Finding duplicate episodes

Dec 9, 2014 at 4:36 AM
As I begin to run out of disk space, I'm on the hunt for space savings before starting to wipe parts of my precious collection...

I've noticed from time to time that hidden among my 15,000 episodes are some duplicates. I'd like to seek these out. I was hoping that since MC is so aware of what episodes I have or don't have, it might also be able to identify those duplicates.

Is that feature hiding in some corner somewhere? Or can you suggest some other tool that might be up to the task? I'm drawing a blank.

Thanks for your continued help!
Dec 9, 2014 at 4:47 AM
We don't have anything at the moment that would look for duplicate episodes um it could be possible to program something but might take a little bit of time.

i don't really know of any other program that would be able to search off the top of my head.

I'll see if I can whip something together...have some thoughts on this.
Dec 9, 2014 at 6:03 AM

MC would certainly be uniquely placed to solve this sort of problem. The tool that does the job needs to be able to identify episodes while ignoring differing filenames. It also needs to span all the drives the library might be spread over.

I can't imagine I'm the only person that needs this sort of solution...

Dec 9, 2014 at 6:16 AM
Yes, had a bit of a play, but had to reverse my work, as another Dev pushed out a update that I needed to merge.

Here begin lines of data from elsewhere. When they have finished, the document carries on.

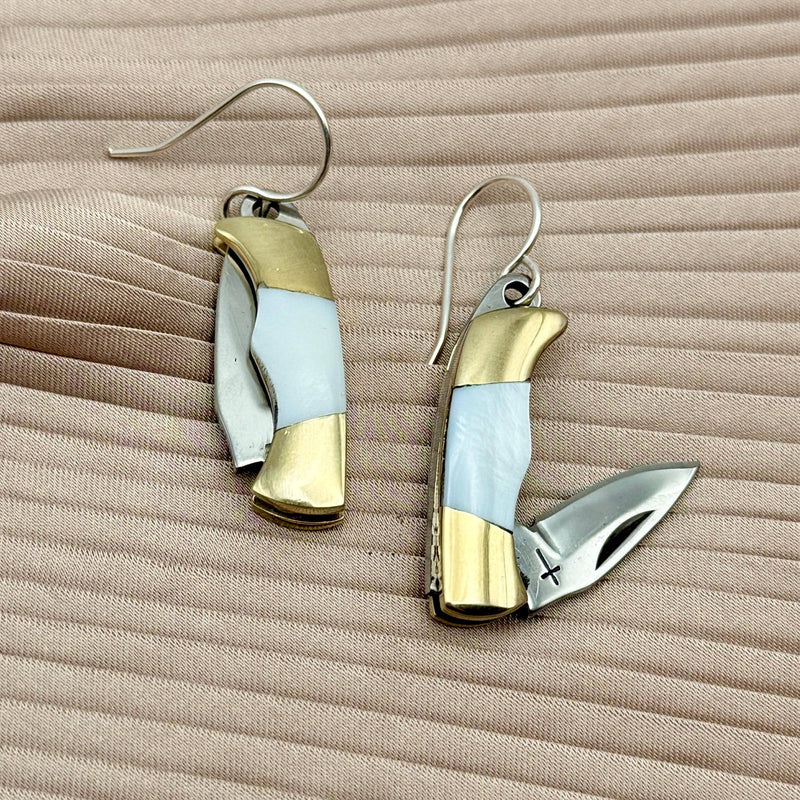 Fluff Hardware Billie Earrings (Mother of Pearl)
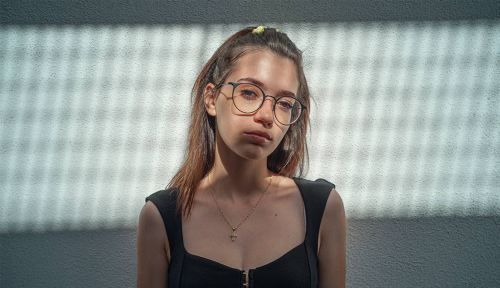 alt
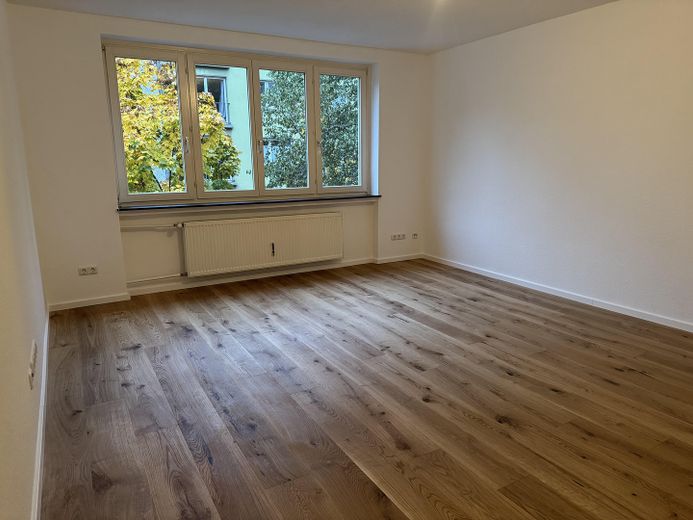 Encantador y amplio apartamento de 2 habitaciones con balcón en una ubicación privilegiada en Berger Straße. – Foto 10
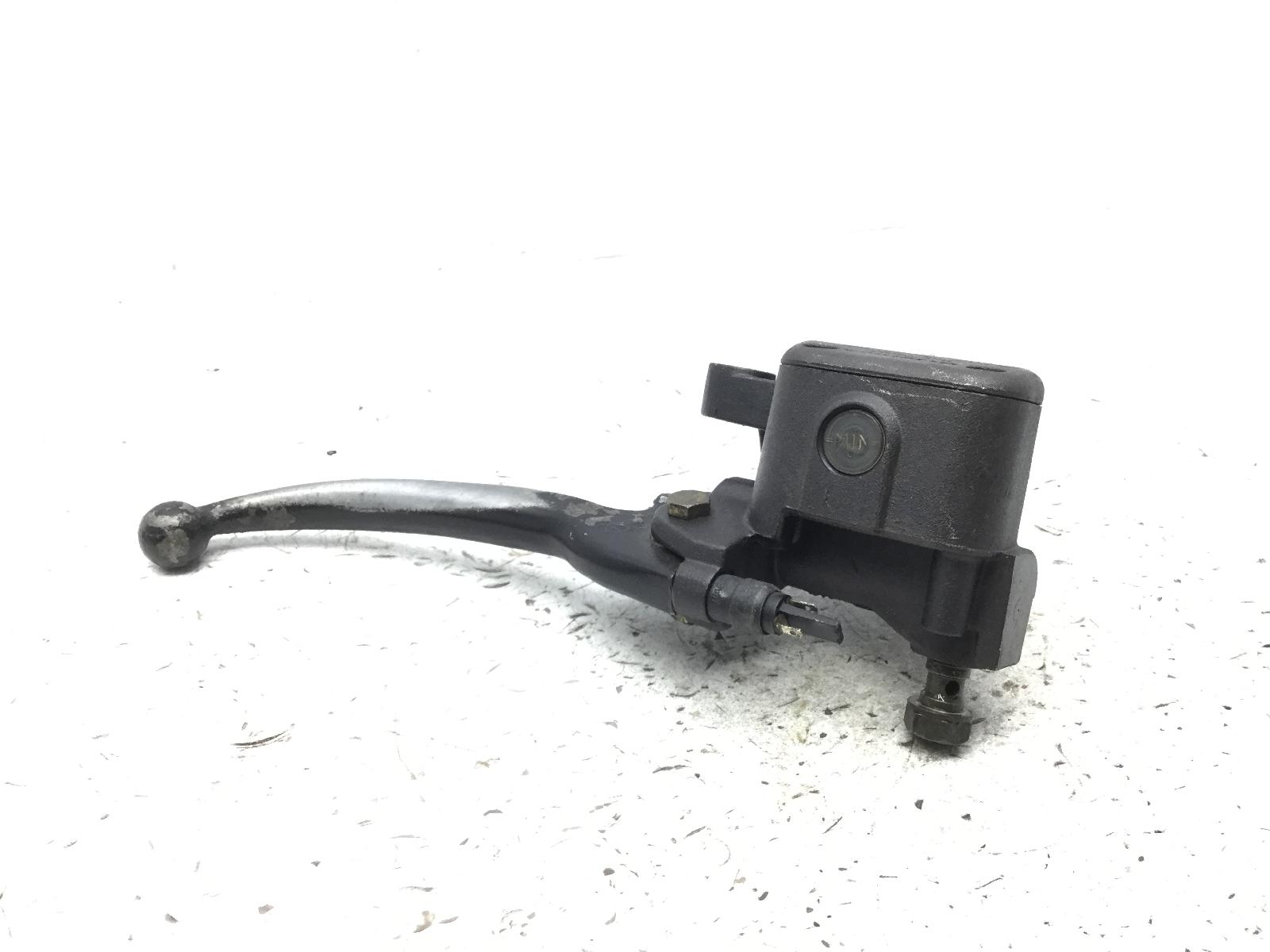 Aprilia scarabeo 250 pompa destra freno anteriore no cavallotto 2004 2006 tdb01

Might not happen tonight, but I'll add some function to list duplicate episodes.
I'll match by Season and episode numbers, not by episode title, then thinking of a Log window, listing the show, and what duplicate season/episode was found.

Dec 9, 2014 at 7:40 AM
I've uploaded a test build to my drop-box, here. to check for duplicates, go to TV Shows menu, and click Check For Duplicate Episodes

Should give a fair indication of duplicate episodes.
Dec 9, 2014 at 12:23 PM

That sounds about perfect. Take your time :-)

Dec 9, 2014 at 4:03 PM
You can click on the blue here word to download the test build. Or click this

Media Companion 3.610c.exe
Dec 9, 2014 at 5:33 PM

Sorry, I missed the middle email for some reason. I'll give it a shot later tonight. Quick turnaround!

Dec 10, 2014 at 2:36 AM
I'm not getting any love...

When I check for duplicates I get the error: "Object reference not set to an instance of an object. Continue?"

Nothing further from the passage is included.